Sunday, October 10, 2010

Me.

While I know I have been neglecting the blog, I have not been neglecting myself. Crazy thought, right? A mom who is actually taking...time? Time to be pretty, time to get fit, and time to find the girl that once was.

Part of this post is inspired by a comment on my last post, asking me if I've lost weight. The easy answer is yes, I've lost weight....and in the process of losing almost 25lbs (so far...I still have much more to lose!) I've found something much more important.

ME.

{please excuse the small, icky phone pic. But please, notice the rocking outfit and my general cute-ness!}

A couple months ago, I approached an old boss of mine about going back to work. They were happy to have me back, and I was happy to be back. So, twice a week I've been teaching swimming again. And my God, it makes me so happy. I left the club long ago because I felt I wasn't able to be seen as an adult -  I was constantly seen as the 15 year old who first started as a lifeguard. I would have never guessed then, and it still baffles me now, that I would return to that same place and find something I didn't really know was missing. Well....that's not totally right. I knew I lost something....I knew I felt a hole in me - one that I knew I needed to fix...but until I began fixing it, I didn't realize how lost it was.

After I taught, I swam. And I still swim. And in that process.....I remembered what it felt like to not be self concious. To not worry of what everyone thinks of me, to clear my head and to think more than I should, all at the same time. I've always been a fish.....but I never quite realized just how peaceful swimming was for me. Yesterday I did a Saturday morning swim....the sunlight was streaming in through the windows, reflecting on the bubbles I had made seconds earlier. And I'm not trying to be corny or anything....but it was my church. It was so beautiful. And at that moment, I thanked God....fate....myself....my zodiac sign....whatever you wanted me to thank, I did. Because those bubbles, the sunlight, and the wooshing of the water in my ears was the happiest I've been in a long time.

So was I sad before? Was I depressed? I don't think so. I think I was just lost.

My friend Vicki and I were talking about all of this the other day, and she explained what I was feeling to a T. She said "I want to be Vicki, who is a teacher, and a mom"....and I think that so much of the time I was being "that young mom Maggie"....and I want Maggie to come first. Mom can be a bonus, a swim instructor can be a bonus....but Maggie has to come first.

And thankfully, I've learned the importance of this. So I'll pass it along.

Find the thing you love. Some people have running, some people have yoga, and if you're like me, you swim. Once you've found it, DO IT. Often.
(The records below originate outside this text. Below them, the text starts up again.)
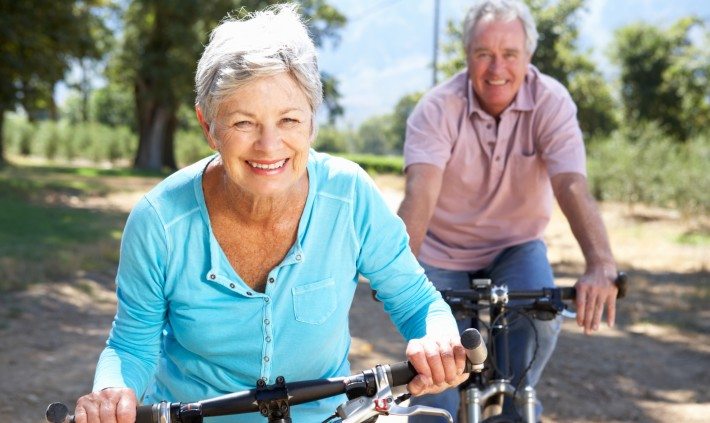 Pareja de tercera edad en bicicleta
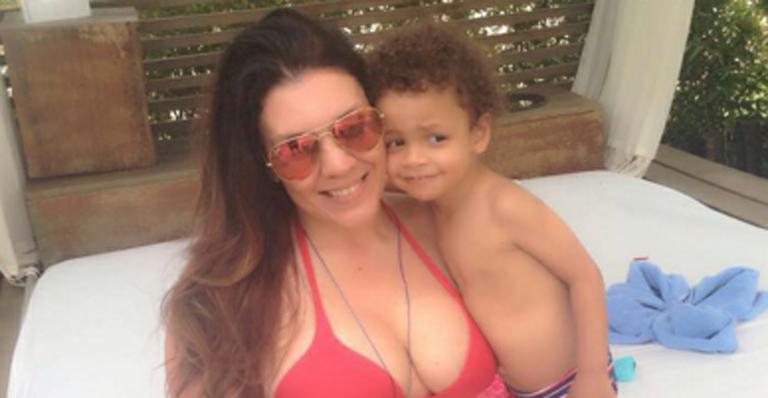 Simony publica foto de biquíni e ganha elogios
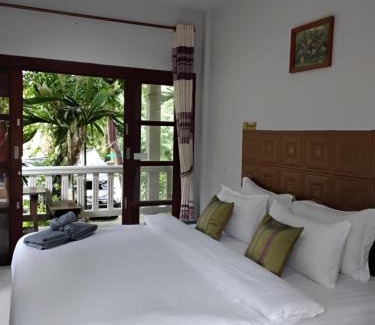 Phanom House | Khaosok gallery & camp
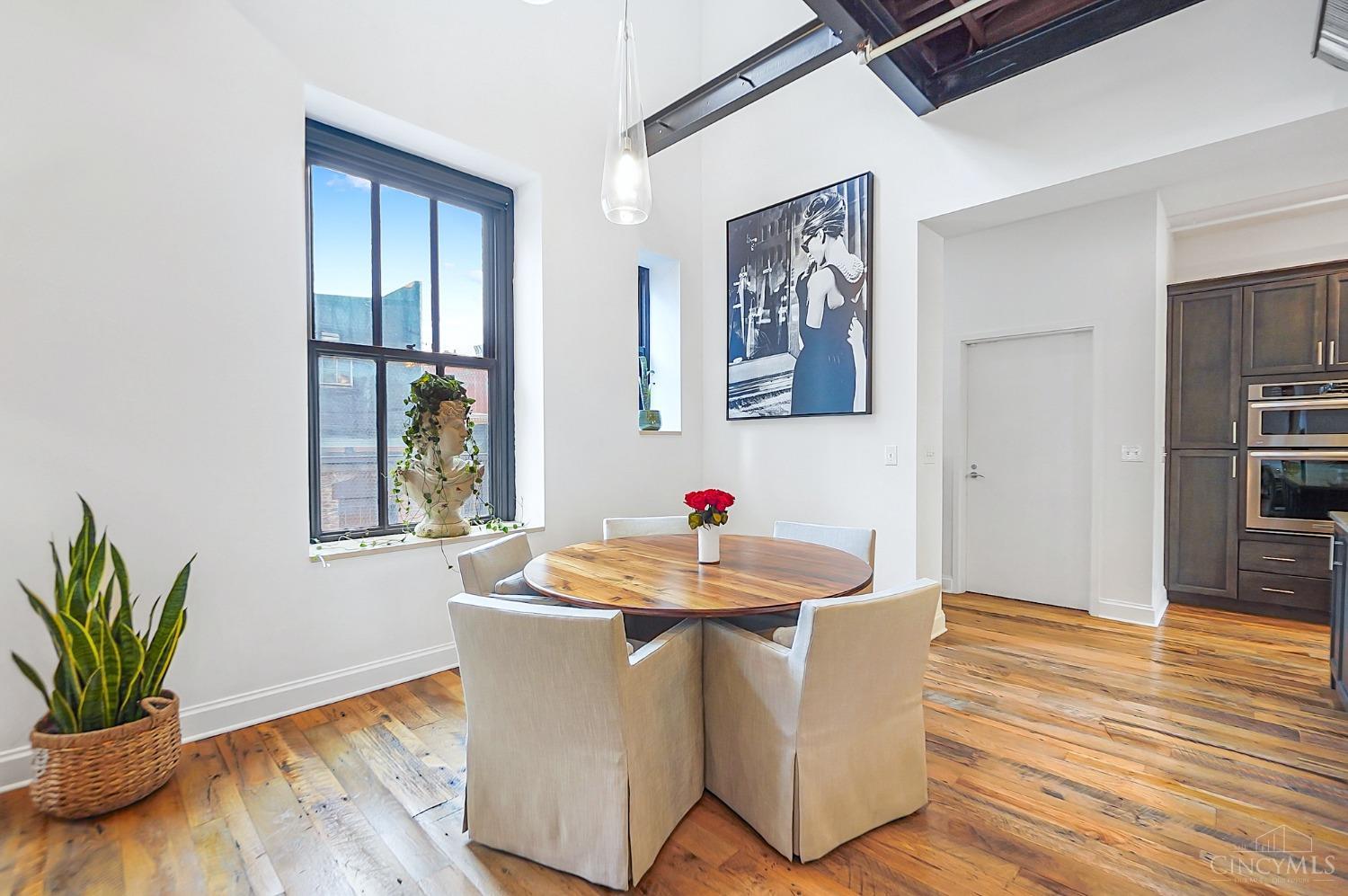 417 Vine Street 602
And embrace the changes that it brings.....my skin, often, smells like chlorine, my hair is a little crunchier....but I have muscles showing! My skinny jeans are too big! And since you're feeling good....LOOK GOOD.  Saturday night I got dressed up (see above picture). The clothes are totally out of my normal range, and it felt GOOD. As I walked around the corner, my husband's jaw actually dropped. Holy hell. The last time that happened? I'm not that sure, but I liked it. And if I can make his jaw drop, even better if I can make some other jaws drop...because let's face it, nothing feels better than when you feel cute. sexy. Overall, good about yourself.


Slowly but surely, the girl I was once is coming back out to play. Back out to enjoy, and be enjoyed. And so far, I'm loving every minute of it.